=== Begin Enclosure ===

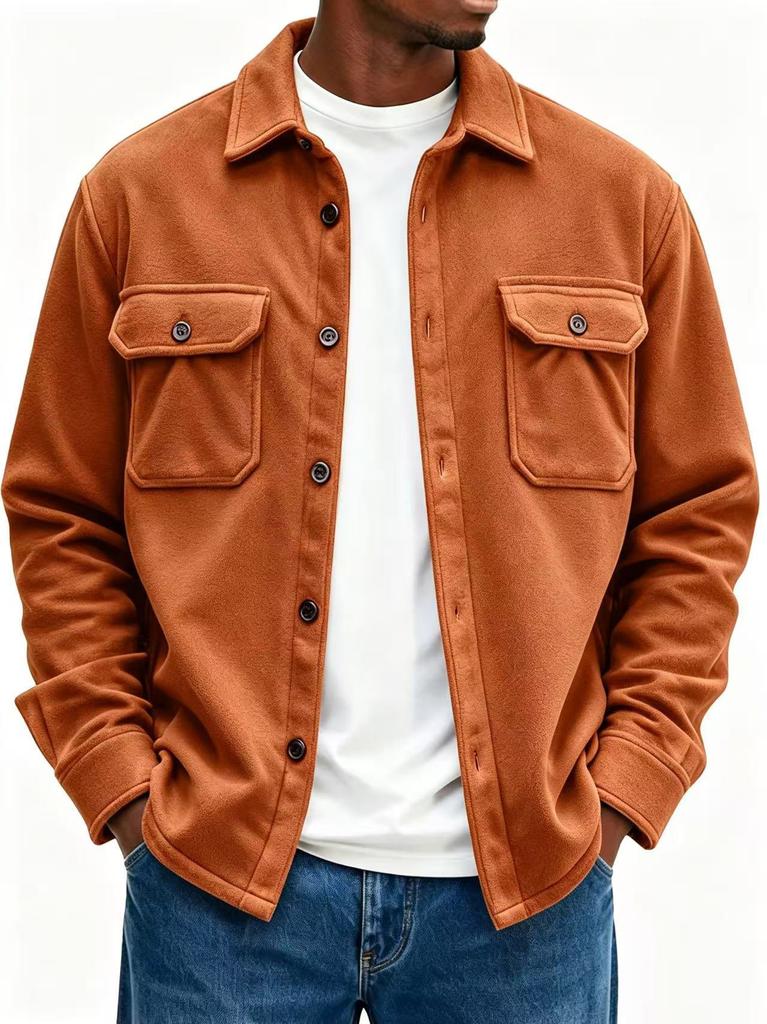 Men's Casual Jacket Turn Down Collar Double Pocket Relaxed Fit Vintage Autumn Outerwear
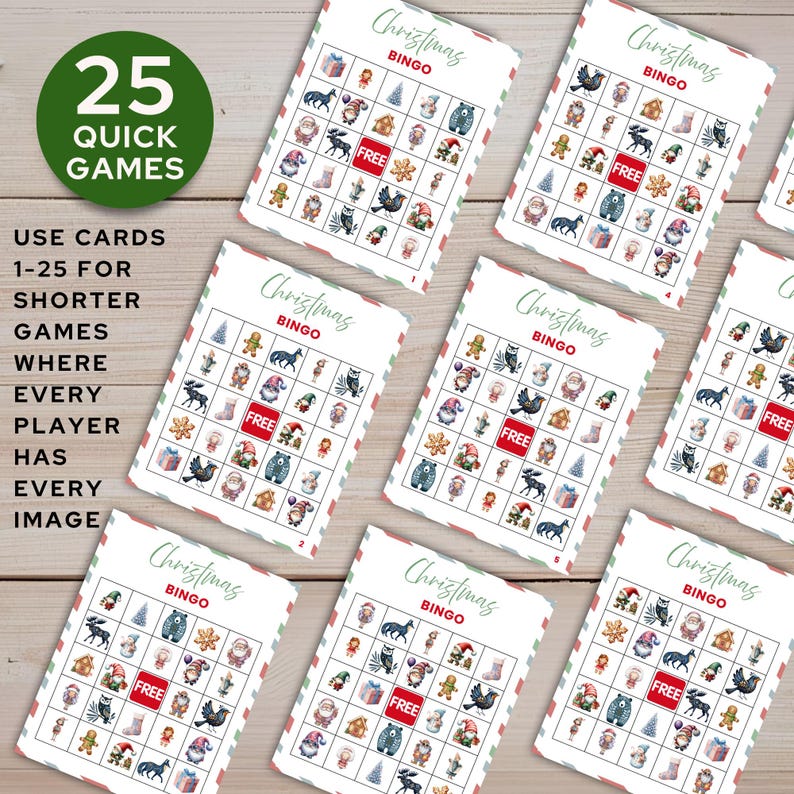 Bingo navideño imprimible para familias con 50 cartones, versiones de ...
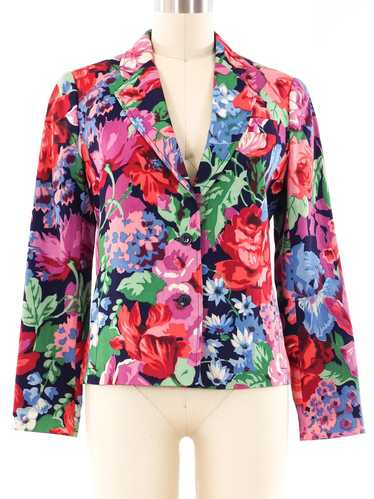 Cacharel Floral Printed Cropped Blazer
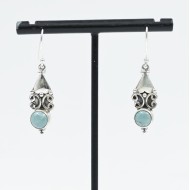 Cercei lungi doua semicercuri piatra naturala Argint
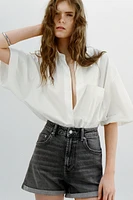 TRF HIGH-WAISTED MOM FIT DENIM SHORTS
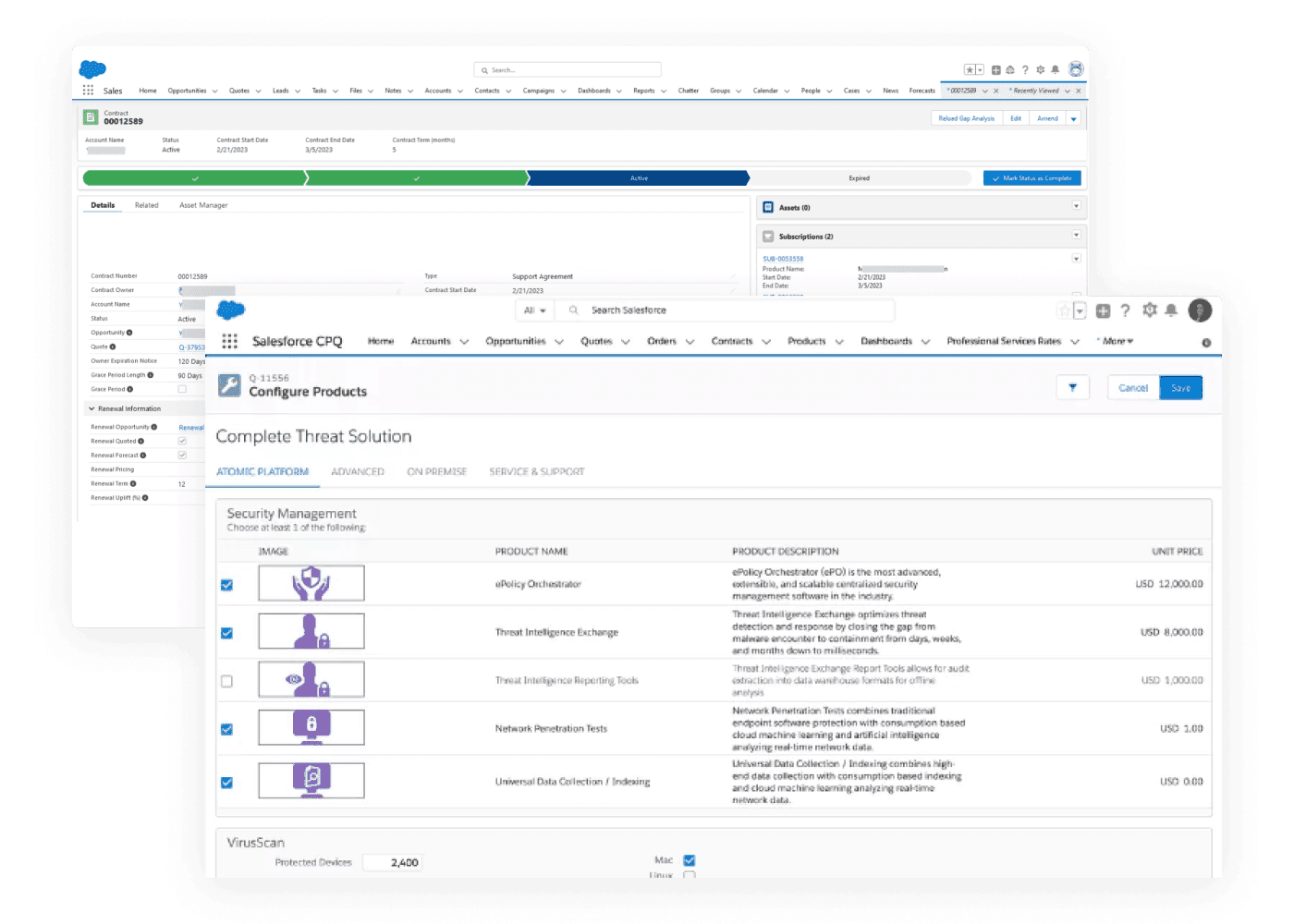 A banner showcasing the automation and streamlining of Virtanas’ quotation system using Salesforce CPQ.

=== End Enclosure ===

> **WORK TO BE COMPLETED**: With the pictures left out, give again exactly the lines from the one with "Cacharel Floral Printed Cropped Blazer" through the end of the data, both included.

> **THE ANSWER**:
 Cacharel Floral Printed Cropped Blazer
 Cercei lungi doua semicercuri piatra naturala Argint
 TRF HIGH-WAISTED MOM FIT DENIM SHORTS
 A banner showcasing the automation and streamlining of Virtanas’ quotation system using Salesforce CPQ.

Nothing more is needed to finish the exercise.